[What you need to do]
The records below must be transcribed exactly. Do not include the pictures.

[Data shown]
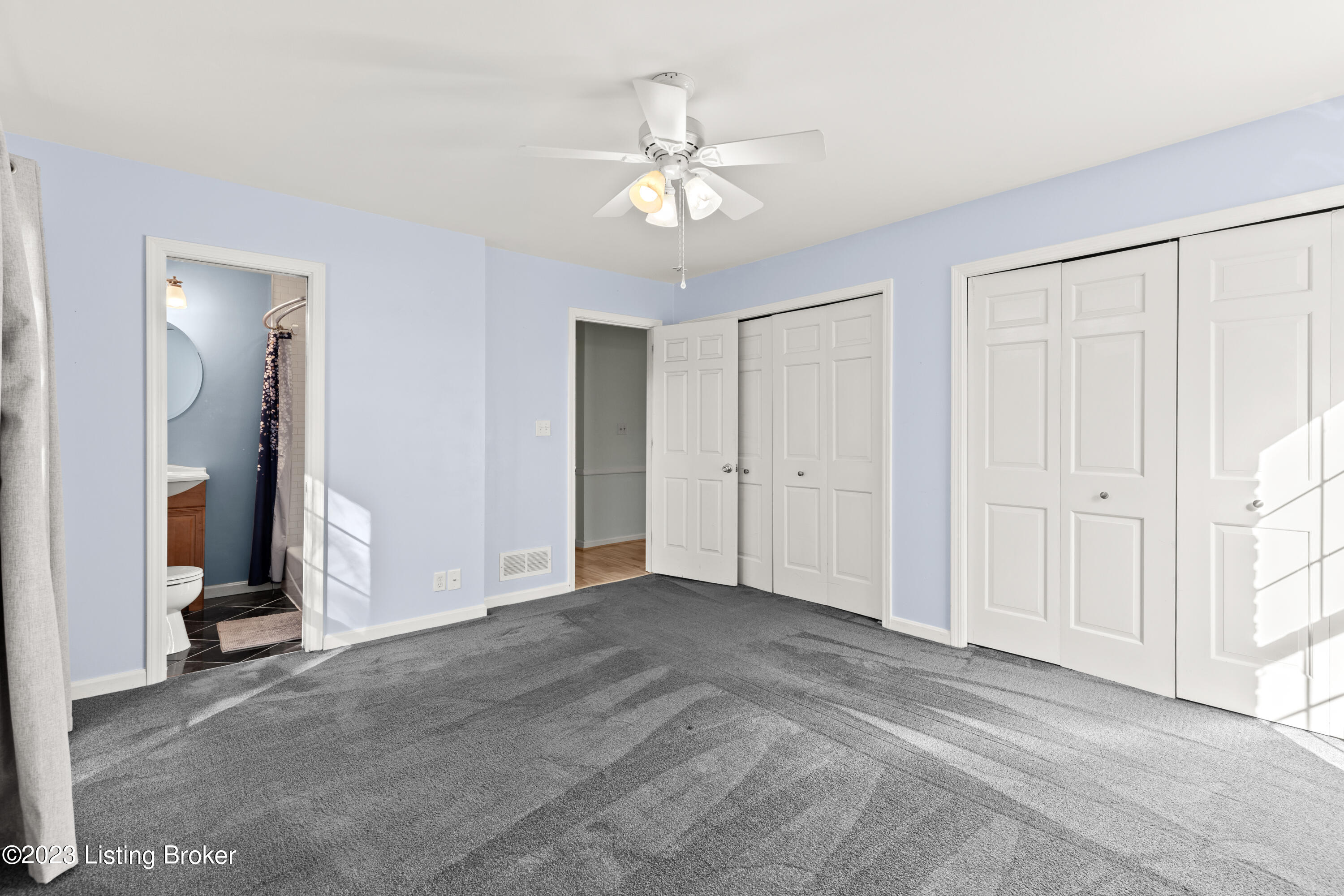 5100 Fairway Ct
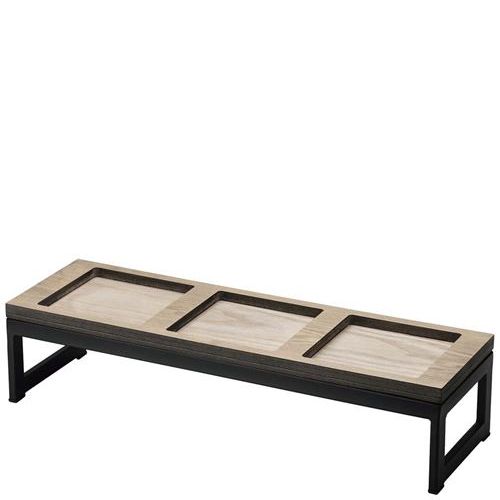 禾穀類ディスペンサー 入れもの用照明ランプ 18007－200/御役目用/新品/貨物輸送無料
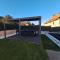 sweethome el cerro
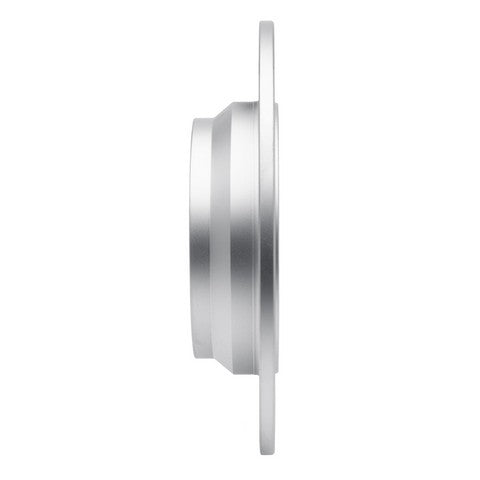 Disc Brake Rotor Dynamic Friction 900-63071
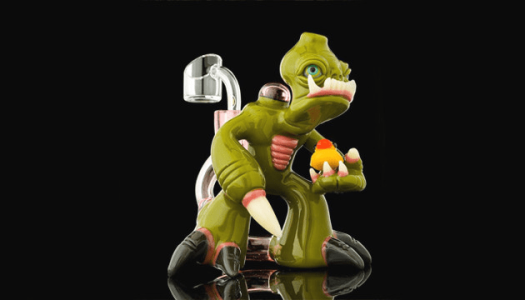 1611838536355.png 1611838536355.png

[Answer space]
 5100 Fairway Ct
 禾穀類ディスペンサー 入れもの用照明ランプ 18007－200/御役目用/新品/貨物輸送無料
 sweethome el cerro
 Disc Brake Rotor Dynamic Friction 900-63071
 1611838536355.png 1611838536355.png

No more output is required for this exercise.